第三艦隊は、対空砲を破壊し、更には着陸するため更地を作ったようだ。これで、連合艦隊の仕事は、ほとんどなくなってしまった。


「結構。後は、地上の制圧のみか。第三艦隊には、降伏を勧告するよう伝えろ」


戦闘は避けるにこしたことはない。東郷は、ひとまず、降伏を呼び掛け、反応を見ることにした。


「降伏しますかね?」


「そう、期待しよう」


大和は、カルガリーに近づいてきた。


その時、第三艦隊からの報告が届いた。


「カルガリー側は、無条件降伏を受諾したとのことです」


「おお」


艦内は、静かな歓声に包まれる。


「結局、私は活躍できないのですね」


「そんなことはないですよ、神崎中佐。
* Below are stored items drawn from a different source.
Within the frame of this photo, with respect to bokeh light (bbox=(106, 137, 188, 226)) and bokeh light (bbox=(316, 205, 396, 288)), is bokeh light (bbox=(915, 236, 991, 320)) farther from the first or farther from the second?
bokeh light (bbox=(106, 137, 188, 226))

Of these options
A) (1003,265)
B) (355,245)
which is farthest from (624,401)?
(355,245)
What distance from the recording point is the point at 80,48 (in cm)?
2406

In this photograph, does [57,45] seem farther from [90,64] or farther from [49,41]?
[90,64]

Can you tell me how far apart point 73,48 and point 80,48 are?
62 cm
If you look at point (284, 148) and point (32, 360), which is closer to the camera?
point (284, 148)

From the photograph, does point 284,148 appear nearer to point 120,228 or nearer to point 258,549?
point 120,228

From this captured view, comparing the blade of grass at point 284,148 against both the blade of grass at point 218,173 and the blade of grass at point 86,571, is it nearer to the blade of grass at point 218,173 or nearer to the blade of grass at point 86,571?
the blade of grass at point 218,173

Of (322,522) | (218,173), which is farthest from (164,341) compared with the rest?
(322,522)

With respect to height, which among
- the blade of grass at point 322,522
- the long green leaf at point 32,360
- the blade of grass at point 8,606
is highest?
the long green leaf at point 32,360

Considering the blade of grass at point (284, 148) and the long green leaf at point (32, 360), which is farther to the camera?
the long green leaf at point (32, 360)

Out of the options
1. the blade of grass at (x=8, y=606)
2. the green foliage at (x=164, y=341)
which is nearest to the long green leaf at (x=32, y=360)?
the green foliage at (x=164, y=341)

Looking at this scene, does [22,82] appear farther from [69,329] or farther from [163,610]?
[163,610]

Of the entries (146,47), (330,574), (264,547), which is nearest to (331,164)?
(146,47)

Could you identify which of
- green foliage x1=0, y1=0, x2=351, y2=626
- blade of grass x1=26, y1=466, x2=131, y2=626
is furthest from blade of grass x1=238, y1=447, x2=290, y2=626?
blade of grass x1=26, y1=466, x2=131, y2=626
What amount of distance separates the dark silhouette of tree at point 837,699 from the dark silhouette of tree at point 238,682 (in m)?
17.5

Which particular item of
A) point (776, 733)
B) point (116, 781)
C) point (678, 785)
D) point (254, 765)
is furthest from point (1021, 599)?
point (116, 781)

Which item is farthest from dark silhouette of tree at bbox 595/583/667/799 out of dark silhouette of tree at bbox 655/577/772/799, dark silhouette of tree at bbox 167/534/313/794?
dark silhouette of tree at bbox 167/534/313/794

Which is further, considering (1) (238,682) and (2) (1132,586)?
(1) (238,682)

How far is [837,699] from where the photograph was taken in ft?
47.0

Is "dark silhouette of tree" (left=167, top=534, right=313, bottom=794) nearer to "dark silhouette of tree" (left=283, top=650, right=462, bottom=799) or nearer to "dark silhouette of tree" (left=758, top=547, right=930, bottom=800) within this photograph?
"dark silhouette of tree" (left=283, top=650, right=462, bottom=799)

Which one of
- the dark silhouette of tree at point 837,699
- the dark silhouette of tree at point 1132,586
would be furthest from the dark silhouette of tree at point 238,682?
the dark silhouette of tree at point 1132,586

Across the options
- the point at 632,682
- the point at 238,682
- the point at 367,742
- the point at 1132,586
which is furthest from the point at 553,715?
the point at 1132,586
中佐は、ロッキー山脈の要塞を木っ端微塵にしたではありませんか」


「あれは、ただ爆弾を落としただけですよ。もっと、派手な活躍がしたかったのに…」


神崎中佐は、何だか悔しそうだ。


「神崎中佐、戦わずに済んだのならよいではないか。中佐の部下が無駄に死ぬのを避けられたのだ」


東郷大将は、神崎中佐を慰める。


「そう、ですね。少し、感傷的になりすぎましたね」


「わかればよい」


しばらくして、連合艦隊はカルガリー上空にたどり着いた。そして、連合艦隊は、分遣していた第三艦隊と合流する。


「少しは、見た目はましになったな」


大和以下の艦隊は、先の戦闘でボロボロになっていたが、第三艦隊を加えると、少しはその印象も薄まるだろう。


見栄というのは、重要な要素だ。


「着陸せよ」


連合艦隊は、次々とカルガリーに降り立つ。


辺りは、破壊された対空砲で囲まれている。しかし、第三艦隊はほぼ無傷。対空砲の更新はされていないようだ。


「勝ちましたね」


「そうだな」


すぐに、帝国軍は、占領行政の構築に移った。サンフランシスコのような問題は発生せず、占領は大過なく進んだ。


カルガリーは、帝国軍の新たな橋頭堡となるだろう。


しかし、これはまだ戦争の経過に過ぎない。アメリカ連邦は、依然として強大な軍事力を保持しており、降伏は程遠い。


戦争は、拡大の一途を辿るだろう。